**EXERCISE OBJECTIVE**.
The exercise calls for exact output of the lines between the one that contains "1092 Highland Street, Columbus, OH" and the end of the data, with both ends kept and pictures left out.

Items from a dataset:
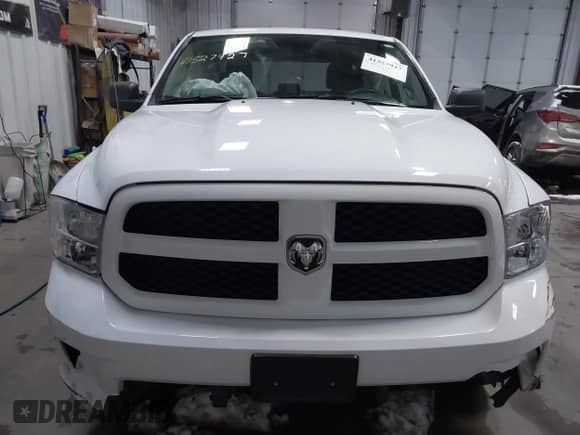 2019 Ram 1500 Express z VIN 1C6RR7FG4KS583858, wystawiony jako IAAI lot #41527927 z przebiegiem 78 726 mil mil oraz . Historia ofert i sprzedaży dostępna na DreamBid. Obrazek 12.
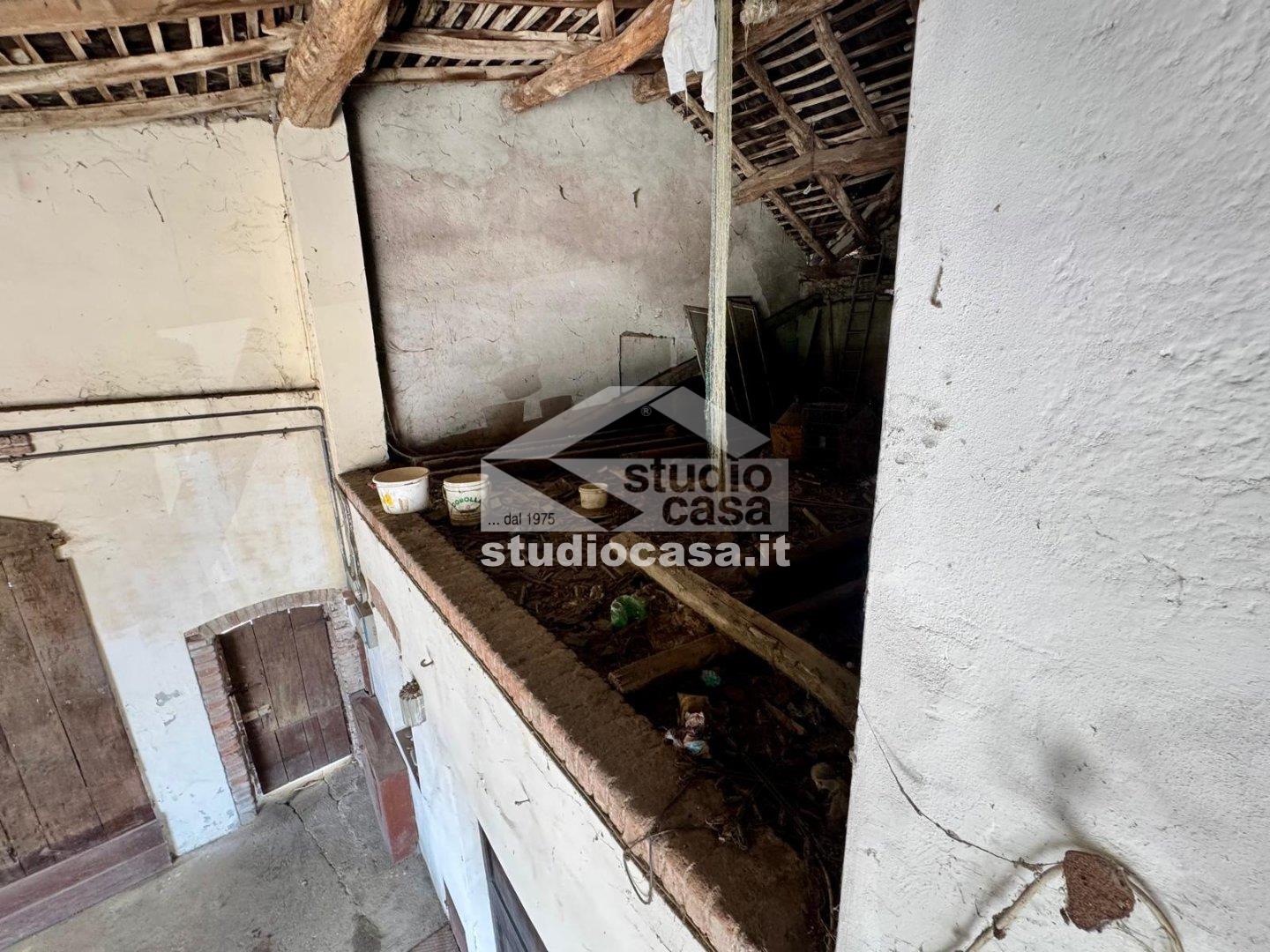 Casa Rustica in vendita a Misano di Gera d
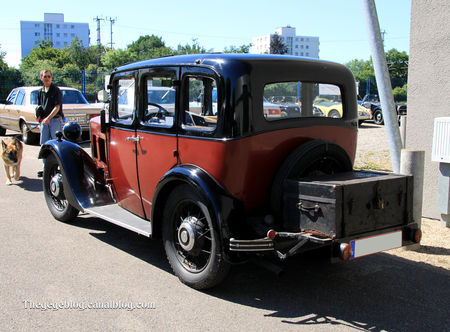 Morris_ten_four_saloon_de_1934__serie_1_1933_1935__RegioMotoClassica_2011__02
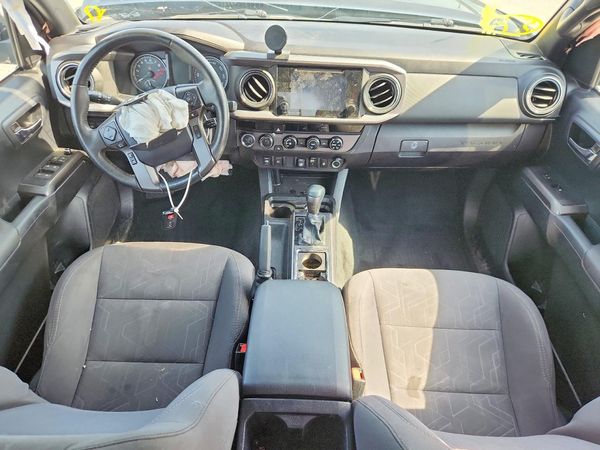 2018 TOYOTA TACOMA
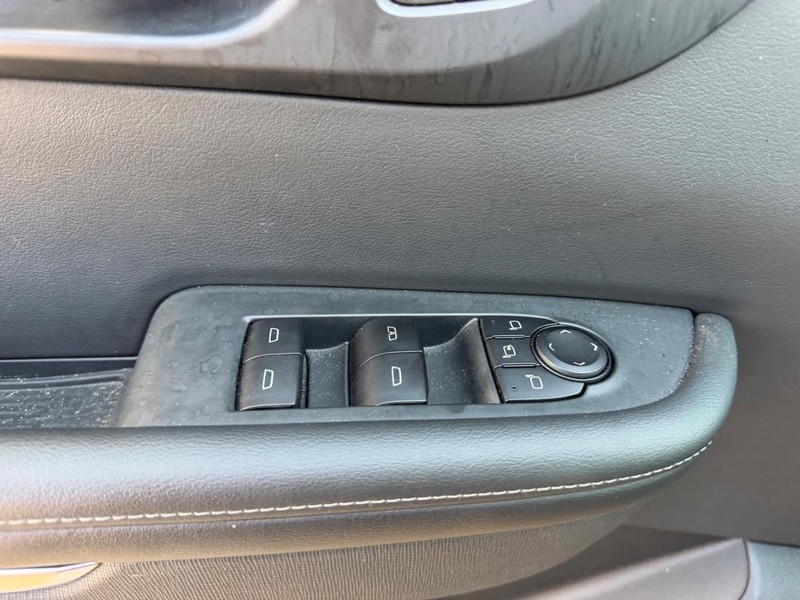 Buick Enclave Vehicle Full-screen Gallery Image 19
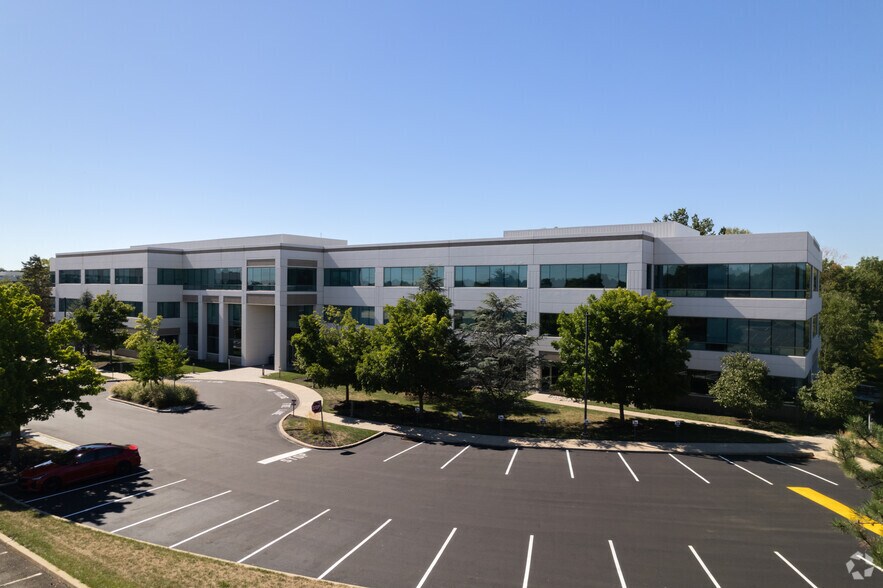 More Photos Of 5 Walnut Grove Dr, Horsham Township Office For Lease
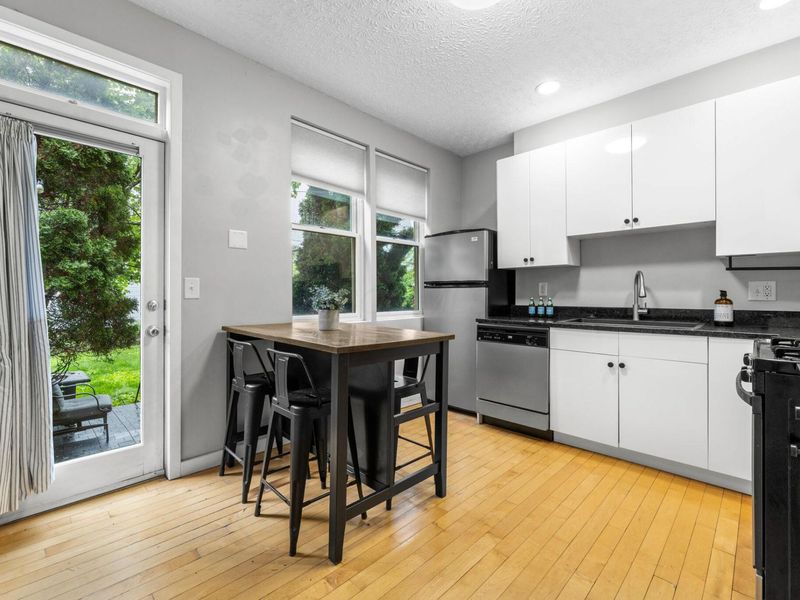 1092 Highland Street, Columbus, OH 43201 Photo 2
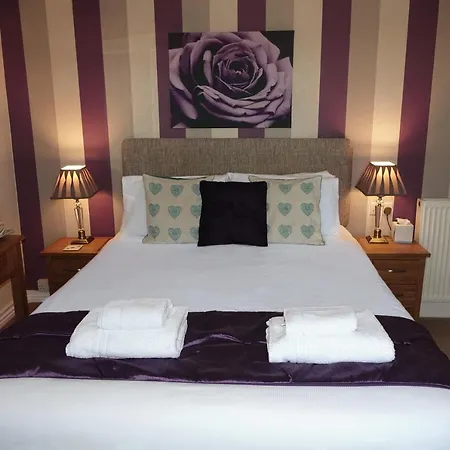 Chilterns Guest House-3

**FINISHED TASK**.
 1092 Highland Street, Columbus, OH 43201 Photo 2
 Chilterns Guest House-3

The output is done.